Role of cytosolic phospholipase A2 in the enhancement of alpha2-adrenoceptor-mediated vasoconstriction by the thromboxane-mimetic U46619 in the porcine isolated ear artery: comparison with vasopressin-enhanced responses.

Pre-contraction with the thromboxane-mimetic U46619 enhances the subsequent alpha(2)-adrenoceptor-mediated vasoconstriction in the porcine ear artery through an enhanced activation of ERK-MAP kinase. In this study we determined the role of cPLA(2) in this enhanced response, and determined whether vasopressin is also able to enhance alpha(2)-adrenoceptor-mediated vasoconstriction through the same pathway. The cPLA(2) inhibitors AACOCF3 (50 microM) and MAFP (50 microM) both inhibited the U46619-enhanced alpha(2)-adrenoceptor response, but had no effect on the direct alpha(2)-adrenoceptor response. AACOCF3 also inhibited the enhanced ERK activation associated with the enhanced alpha(2)-adrenoceptor-mediated vasoconstriction. Pre-contraction with arachidonic acid mimicked the effect of U46619 by enhancing the contractile response to the alpha(2)-adrenoceptor agonist UK14304 (1 microM) and enhancing the alpha(2)-adrenoceptor-mediated ERK activation. Pre-contraction with vasopressin also enhanced the contractile response to UK14304, but neither PD98059 (50 microM) nor AACOCF3 (50 microM) had any effect this vasopressin-enhanced response, indicating that neither the ERK pathway, nor cPLA(2) are involved in vasopressin-enhanced responses. The alpha(2)-adrenceptor-stimulated activation of ERK was also unaffected by pre-contraction with vasopressin.
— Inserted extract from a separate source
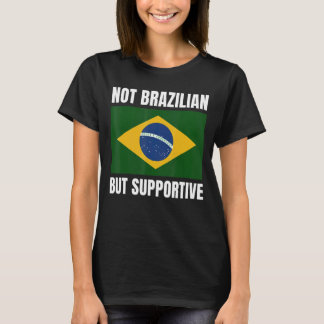 T-shirt Pas Brésilien, mais soutien du Brésil Drapeau Sout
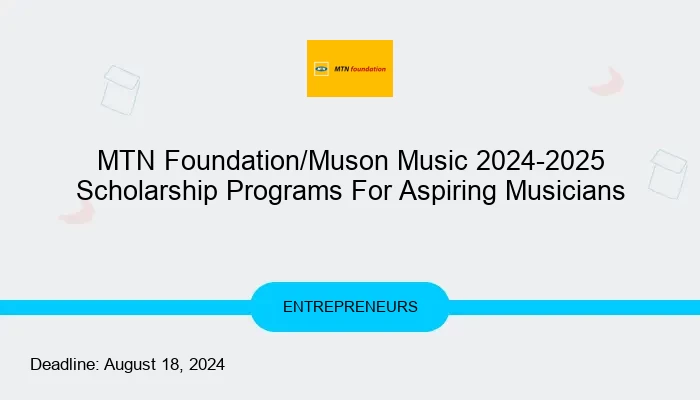 MTN Foundation/Muson Music 2024-2025 Scholarship Programs For Aspiring Musicians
On the other hand, inhibition of PKCzeta inhibited the enhanced alpha(2)-adrenoceptor contraction after pre-contraction with both U46619 and vasopressin. This study demonstrates that alpha(2)-adrenoceptor-mediated vasoconstriction can be enhanced through two different pathways-one dependent upon the enhanced activation of ERK-MAP kinase through activation of cPLA(2), and the other through a different, ERK/cPLA(2)-independent pathway.